Free Web Search and Objective Results

February 8, 2019

I spotted a story from the Moscow Times called “Google Began Censoring Search Results in Russia, Reports Say.” I read:

Google began complying with Russian requirements and has deleted around 70 percent of the websites blacklisted by authorities, an unnamed Google employee told Russia’s Vedomosti business daily Wednesday. An unnamed Roskomnadzor source reportedly confirmed the information to the paper. On Thursday, a Roskomnadzor spokesman told the state-run RIA Novosti news agency that the regulator had established a “constructive dialogue” with Google over filtering content.

Let’s assume the report is accurate.

Is this the model for filtering content in online indexes which Google developed to comply with different countries’ laws and regulations?

If the Russian regulatory authority is “fully satisfied”, the Google system appears to be working.
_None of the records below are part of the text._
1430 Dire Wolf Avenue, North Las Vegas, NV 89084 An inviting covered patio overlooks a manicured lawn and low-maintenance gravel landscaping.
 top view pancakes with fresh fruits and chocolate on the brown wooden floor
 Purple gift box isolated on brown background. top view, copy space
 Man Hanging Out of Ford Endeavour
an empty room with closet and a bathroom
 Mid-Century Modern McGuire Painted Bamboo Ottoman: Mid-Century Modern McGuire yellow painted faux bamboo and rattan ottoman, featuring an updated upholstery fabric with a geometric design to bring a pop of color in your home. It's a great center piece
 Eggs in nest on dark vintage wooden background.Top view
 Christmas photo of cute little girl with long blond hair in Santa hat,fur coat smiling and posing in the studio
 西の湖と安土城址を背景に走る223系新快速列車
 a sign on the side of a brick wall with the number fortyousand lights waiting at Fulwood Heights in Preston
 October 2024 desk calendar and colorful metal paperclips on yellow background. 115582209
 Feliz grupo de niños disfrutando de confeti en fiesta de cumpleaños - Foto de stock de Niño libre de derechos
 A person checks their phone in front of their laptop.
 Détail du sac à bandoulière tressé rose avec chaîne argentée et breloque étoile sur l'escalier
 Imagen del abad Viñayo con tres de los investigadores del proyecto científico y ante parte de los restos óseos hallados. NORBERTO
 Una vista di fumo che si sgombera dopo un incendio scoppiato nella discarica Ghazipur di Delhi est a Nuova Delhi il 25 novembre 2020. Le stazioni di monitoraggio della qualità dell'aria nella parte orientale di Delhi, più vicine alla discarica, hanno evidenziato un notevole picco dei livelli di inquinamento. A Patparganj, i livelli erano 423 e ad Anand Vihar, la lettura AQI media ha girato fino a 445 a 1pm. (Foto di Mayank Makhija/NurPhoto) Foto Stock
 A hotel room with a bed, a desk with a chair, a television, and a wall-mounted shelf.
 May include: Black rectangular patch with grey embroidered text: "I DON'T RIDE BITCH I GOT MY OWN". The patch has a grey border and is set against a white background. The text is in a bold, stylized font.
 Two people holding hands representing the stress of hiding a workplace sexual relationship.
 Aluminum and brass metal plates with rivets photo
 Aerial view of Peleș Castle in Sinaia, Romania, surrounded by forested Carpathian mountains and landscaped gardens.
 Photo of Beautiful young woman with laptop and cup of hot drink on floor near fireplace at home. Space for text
Several questions crossed my mind; to wit:

  1. Has Google used this system to filter content in other countries; for example, the US, Brazil, or Iran?
  2. Does the system work with acceptable reliability? Some potentially objectionable can be located via a Google image query to cite one example?
  3. What is the economic payoff of Google find a solution to its pre-filtering disputes with Russia?

Interesting, particularly when one asks the question, “Am I getting accurate information when running a query on Google, regardless of the country in which the query appears to have been launched?”

If search results are shaped, what does one do to locate potentially useful information? One answer, I suppose, is to pay for commercial online access. Another may be to assume that what’s online IS the correct data set? One could ask those in one’s social network, but that too may be filtered.

But free services are free. Free services may have other characteristics as well. What does “free” mean? Hmmm.